When I wrote about him before, Omar had asked me not to use his real name. “Now you can announce it,” he says. Omar’s real name is Abdel Rahman Ayysh, and he wants you, reading in America, to know it. I double-check to make sure it’s OK. His grin is so wide, I can’t help but think his face is bound to hurt tomorrow. “I’m not afraid of the government stopping me in the airport anymore,” he says. “I’m 21 years old and this is the first time in my life to be free.”

Abdel Rahman wrings my hand half a dozen more times before scampering off to find his friends. He’s going to be in the square celebrating all night.
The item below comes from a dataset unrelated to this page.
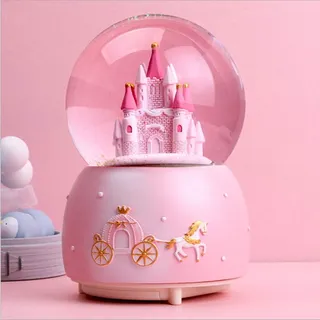 Schneekugel Musik Spieluhr Schloss Schüttelkugel mit Schneeflocken Beleuchtung Kristallkugel Nachtlicht Traumkugel Büro Hause Deko Glaskugel Geschenk für Kinder Geburtstag Weihnachten Valentinstag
He and many others like him have spent long nights in the square. Different political groups have set up camp in different parts of the square, forming a mini-city of neighborhoods for almost three weeks. The ElBaradei Association for Change kids are pitched up under a statue on a far side of the square. Some of them are still bandaged from the violence. Magid Hamid has been sleeping there for 14 nights, ever since he was released from 48 hours of detention by the country’s dreaded security services. (Human Rights Watch estimates that about 300 people died in this revolution.)

Tonight, Magid is chain-smoking cigarettes and looking around the square. It’s hard to read his expression. Pride? Awe? “I love this place more than my own home,” he tells me, shrugging. And why not? This is where Egypt made history.

At the base of the statue, about 20 of the group’s members are huddled across blankets, singing and chanting. Around them is a mosh-pit of movement and celebration, as revelers circle from all directions. Magid and I are standing on the outside of the seated mass. We wait for more of his friends to show up. Firecrackers are erupting somewhere in the square.

Tonight’s scene in front of the statue couldn’t be more different than last night’s. When I left this crew yesterday, after Mubarak said he would stay in power until September, they were fuming. Tonight, it’s hard to talk to them amid all the hugging.

Out of nowhere, Hezam El Sisi is back in the thick of things. Last night he was cracking jokes about how short he was. But his voice more than makes up for his stature. It carries over the group. He’s standing and singing in the middle of the seated crowd. He climbs over everyone in an effort to reach me.

“I am so happy, so happy, so happy,” Hezam keeps repeating. “Yesterday I was so sad! You remember?” he shouts. And I do, but before I can answer, Magid seizes him in an embrace. He kisses his shaved head and shoves Hezam over to me. “This is the best moment of my entire life,” Hezam yells. Everyone is yelling. It is the only way to be heard.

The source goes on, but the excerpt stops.